## Work required
With the pictures left out, repeat every entry that follows exactly.

## Captioned web images
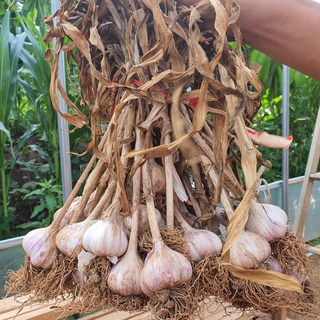 25년 단양마늘 한지형 햇마늘(씨마늘) 3kg 저장용 산지직송, 단양햇마늘 (중-씨마늘추천) 3kg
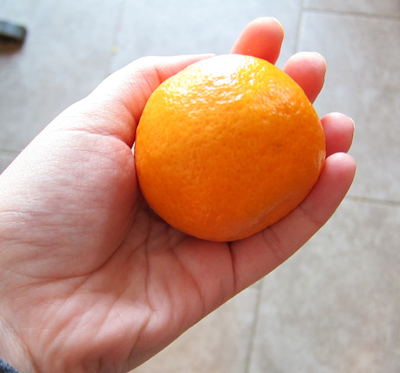 tangerine in the hand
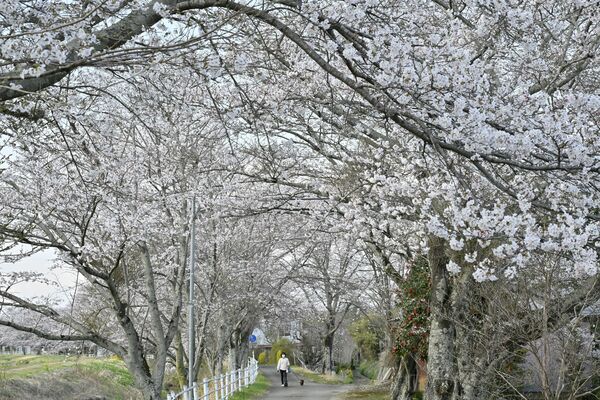 矢板市・上太田の桜並木は六、七分咲き＝７日午後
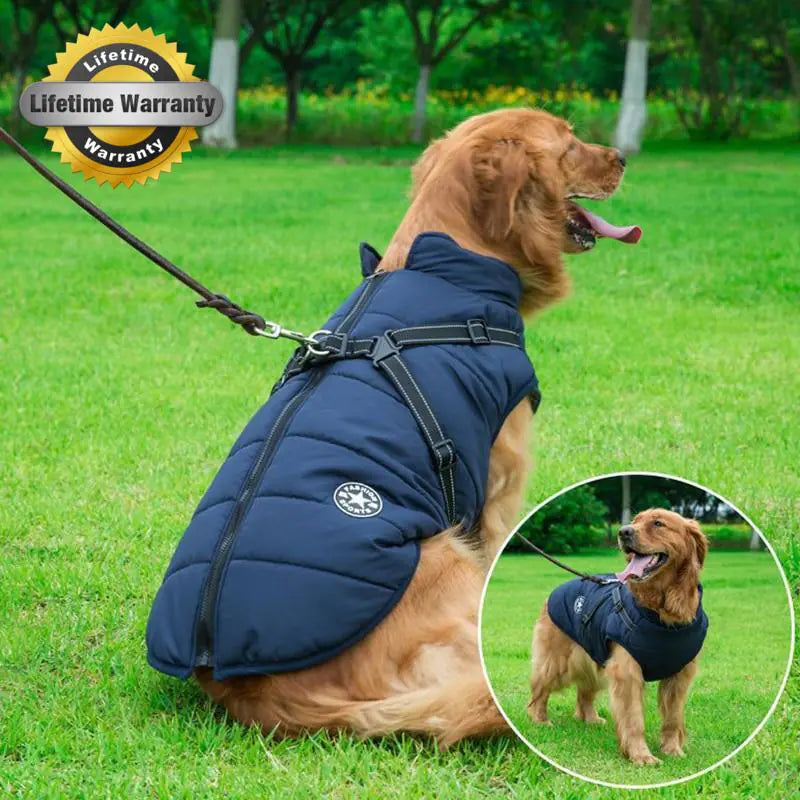 The Waterproof Winter Jacket Every Dog Deserves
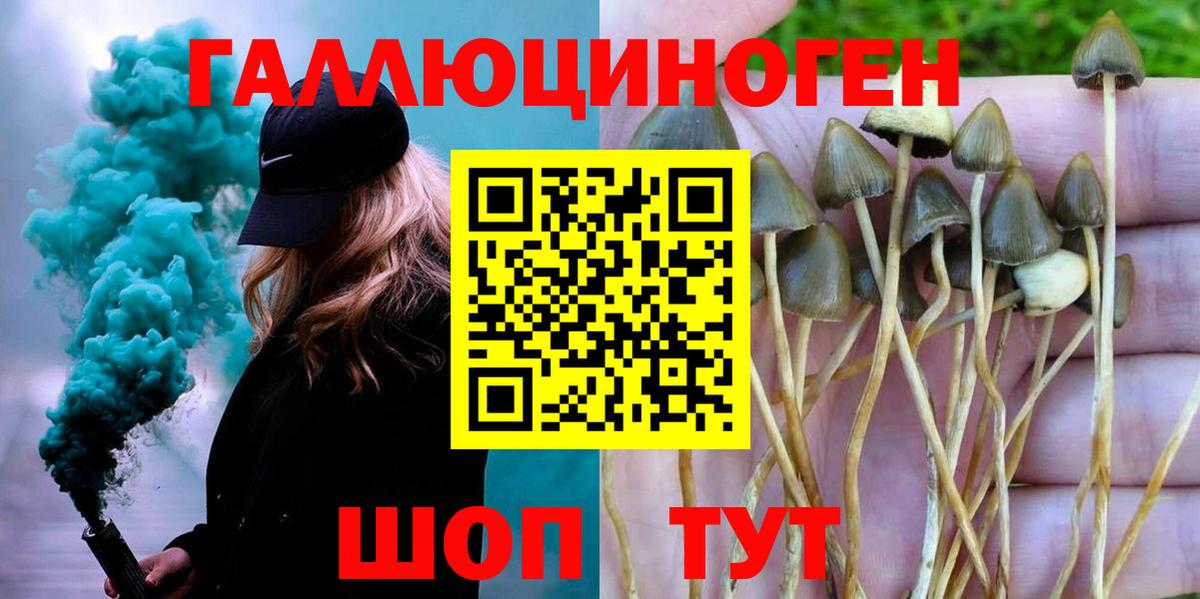 Галлюциногенные грибы Magic Shrooms  Вход с VPN  Изобильный  Псилоцибиновые грибы Psilocybe 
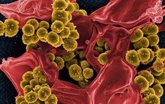 Foto: El microbioma intestinal protege frente a la predisposición genética a la leucemia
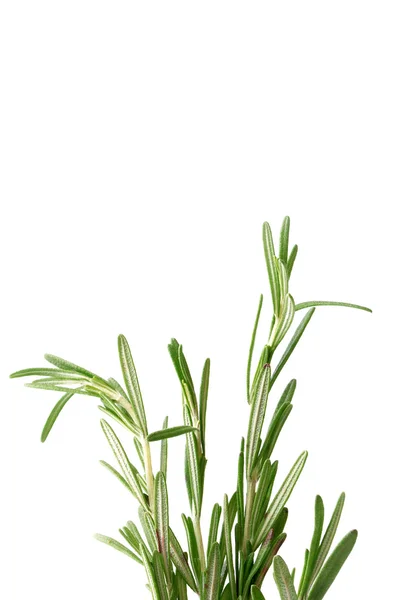 Rosemary isolado em um fundo branco — Fotografia de Stock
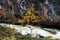 Oulanka National Park. Autumn foliage next to KiutakÃ¶ngÃ¤s rapids in Northern Finland.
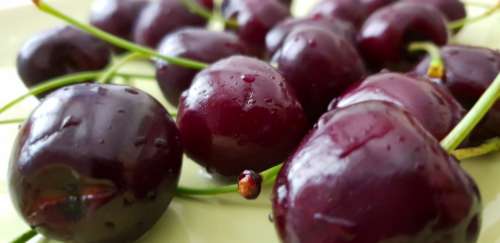 Cherry Fruit Fresh Organic Delicious Fruits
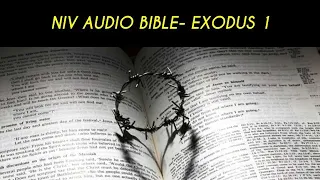 EXODUS 1 NIV BIBLE with text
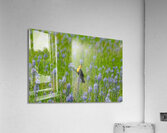 Yellow-headed Blackbird   Acrylic Print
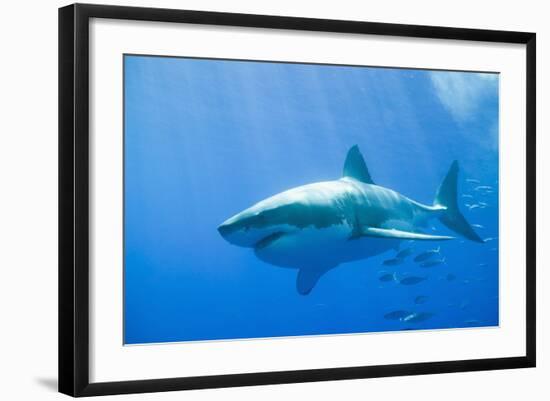 Great White Shark-DLILLC-Framed Photographic Print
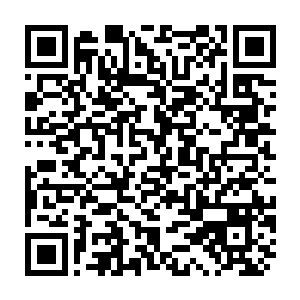 Link zu deiner Spendenaktion QRCode - Fundraising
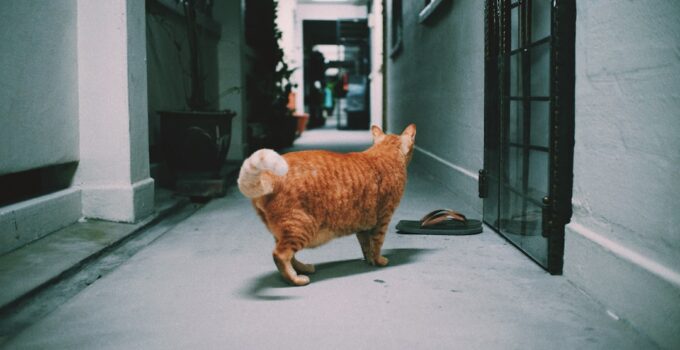 Photo Cat Litter Box Training
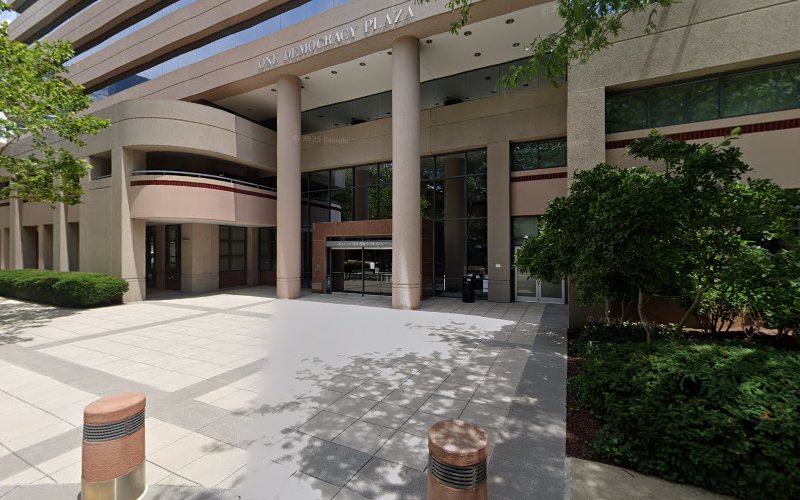 291205 levy and associates inc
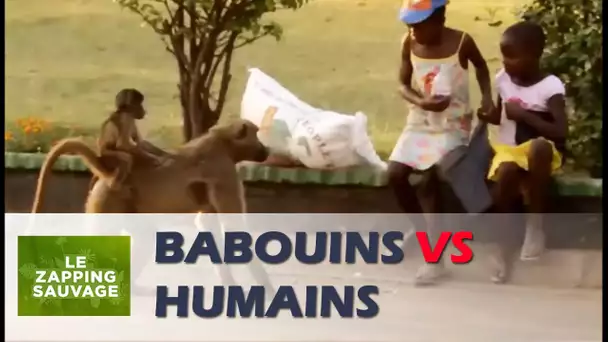 Des babouins attaquent des gens - ZAPPING SAUVAGE 29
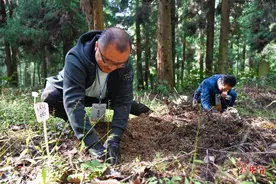 毕节：点“麻”成金 引领乡村振兴图片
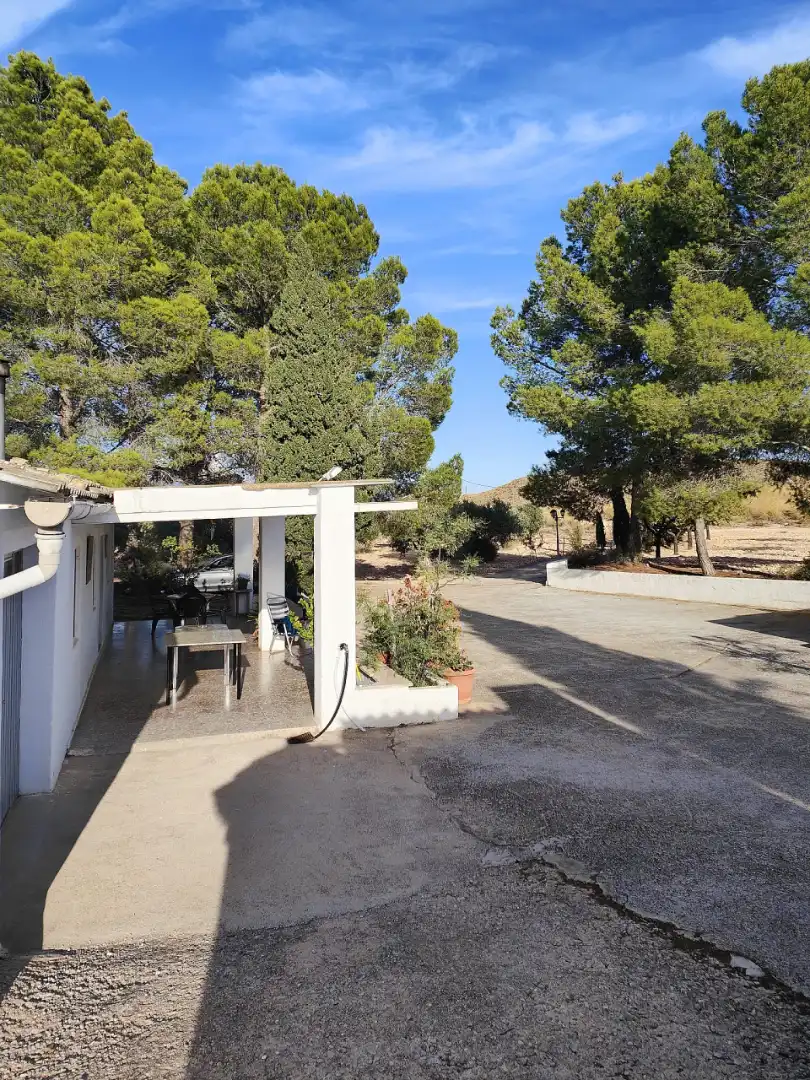Jardí de Casa o xalet en venda en Yecla amb Jardí privat, Terrassa i Piscina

## Expected answer
 25년 단양마늘 한지형 햇마늘(씨마늘) 3kg 저장용 산지직송, 단양햇마늘 (중-씨마늘추천) 3kg
 tangerine in the hand
 矢板市・上太田の桜並木は六、七分咲き＝７日午後
 The Waterproof Winter Jacket Every Dog Deserves
 Галлюциногенные грибы Magic Shrooms  Вход с VPN  Изобильный  Псилоцибиновые грибы Psilocybe 
 Foto: El microbioma intestinal protege frente a la predisposición genética a la leucemia
 Rosemary isolado em um fundo branco — Fotografia de Stock
 Oulanka National Park. Autumn foliage next to KiutakÃ¶ngÃ¤s rapids in Northern Finland.
 Cherry Fruit Fresh Organic Delicious Fruits
 EXODUS 1 NIV BIBLE with text
 Yellow-headed Blackbird   Acrylic Print
 Great White Shark-DLILLC-Framed Photographic Print
 Link zu deiner Spendenaktion QRCode - Fundraising
 Photo Cat Litter Box Training
 291205 levy and associates inc
 Des babouins attaquent des gens - ZAPPING SAUVAGE 29
 毕节：点“麻”成金 引领乡村振兴图片
Jardí de Casa o xalet en venda en Yecla amb Jardí privat, Terrassa i Piscina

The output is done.